Container Networking
A single-host default container network often uses a network namespace, veth pair, bridge, routes, iptables or nftables NAT, and conntrack. A Kubernetes pod usually has one network namespace shared by all containers in that pod. CNI plugins attach that namespace to the cluster network and apply routes, addresses, and sometimes policy.
Troubleshooting sequence:
- From the workload namespace, check
ip addr,ip route,/etc/resolv.conf, and DNS resolution. - From the host, map the container PID, enter the net namespace with
nsenter -t $pid -n, and compare route and firewall behavior. - Check packet counters:
ip -s link,nstat,ss -s,conntrack -Sif available. - In Kubernetes, separate pod IP reachability, service VIP translation, DNS, network policy, and external egress.
Rootless Containers
Rootless containers use user namespaces and subordinate UID and GID ranges so container root maps to an unprivileged host identity. They reduce damage from many runtime escapes and accidental host writes, but they do not make kernel attack surface disappear. Rootless networking, privileged ports, cgroup delegation, overlay support, and device access can differ from rootful operation.
| Benefit | Cost |
|---|---|
| Host root is not required for normal container lifecycle. | Some features need newuidmap/newgidmap, cgroup v2 delegation, or helper daemons. |
| Better default posture for developer workstations and multi-user hosts. | Lower-level debugging can be confusing because UID maps alter file ownership interpretation. |
| Accidental bind-mounted host writes are less likely to be root-owned. | Device, network, and storage behavior may differ from production rootful clusters. |
Production guidance: use rootless where the platform supports it cleanly, but test the exact runtime, cgroup mode, storage driver, and workload behavior. Do not assume a rootless learning-machine success means a production cluster will accept the same pod security context or volume layout.
Security Boundaries
Containers combine several partial controls:
- Namespaces limit views of resources.
- cgroups limit resource consumption.
- Capabilities split some root powers into named privileges.
- seccomp filters syscalls.
- AppArmor, SELinux, or another LSM constrains file, process, and network actions.
- Read-only rootfs, no-new-privileges, masked paths, and readonly paths reduce accidental mutation.
- User namespaces reduce host-root equivalence.
- Device cgroup and runtime device policy prevent broad host device access.
Common mistakes:
| Mistake | Why it hurts | Safer direction |
|---|---|---|
Running --privileged to fix a mount, network, or debug issue. | It disables many isolation layers at once. | Add the narrow capability, mount, or debug profile required, then remove it. |
Bind mounting /, /var/run, or the container runtime socket. | The container can control or mutate the host. | Use read-only targeted mounts or purpose-built agents. |
| Assuming image scanning equals runtime security. | Runtime flags, kernel version, secrets, and network paths are separate risk areas. | Combine image hygiene with admission, runtime policy, and host patching. |
| Using host namespaces in a multi-tenant cluster. | Host PID, network, or IPC namespace sharing collapses boundaries. | Reserve host namespace use for node agents with reviewed RBAC and policy. |
Debugging Containers From The Host
Start read-only. Mutating the runtime state while investigating can destroy evidence.
Host mapping checklist:
# Find container or pod process on a Linux host.
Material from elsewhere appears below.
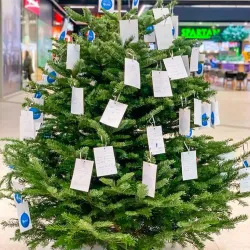 The Zalău Market - Zalau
ps -eo pid,ppid,stat,comm,args --forest
# Inspect namespace and cgroup placement.
pid=<host-pid>
ls -l /proc/$pid/ns
cat /proc/$pid/cgroup
cat /proc/$pid/status
# Enter selected namespaces for observation.
nsenter -t $pid -m -u -i -n -p -- ps -ef
nsenter -t $pid -n -- ss -lntup
nsenter -t $pid -m -- findmnt
# Inspect cgroup pressure and limits.
cg=$(awk -F: '$1=="0"{print $3}' /proc/$pid/cgroup)
base=/sys/fs/cgroup$cg
cat "$base/memory.current" "$base/memory.max" 2>/dev/null
cat "$base/memory.events" 2>/dev/null
cat "$base/cpu.stat" 2>/dev/null
Production cluster rule: prefer orchestrator-native inspection first. Use kubectl describe pod, pod events, node events, runtime logs, kubelet logs, and ephemeral debug containers where policy permits. Host nsenter belongs in node-level incident response, not routine app debugging.
Kubernetes Relationship To Linux Primitives
Kubernetes is not the isolation mechanism. It schedules desired state and configures node agents. Linux enforces most node-local isolation.
| Kubernetes concept | Linux primitive underneath |
|---|---|
| Pod | Shared network namespace, optional shared process namespace, one or more containers. |
| Container limits | cgroup controller settings on the node. |
| Security context | UID, GID, capabilities, seccomp, LSM profile, namespace choices, privilege flags. |
| RuntimeClass | Runtime handler selection through CRI. |
| Image pull | Registry content, image manifests, layers, snapshotter unpacking. |
| EmptyDir and ephemeral storage | Node filesystem, tmpfs, or local storage accounting and eviction. |
| NetworkPolicy | CNI implementation, kernel datapath, firewall or eBPF policy depending on plugin. |
When a pod is OOMKilled, ask whether the kernel killed it due to cgroup memory max, the kubelet evicted it under node pressure, or the process exited by itself after an allocation failure. The YAML symptom is not the root cause.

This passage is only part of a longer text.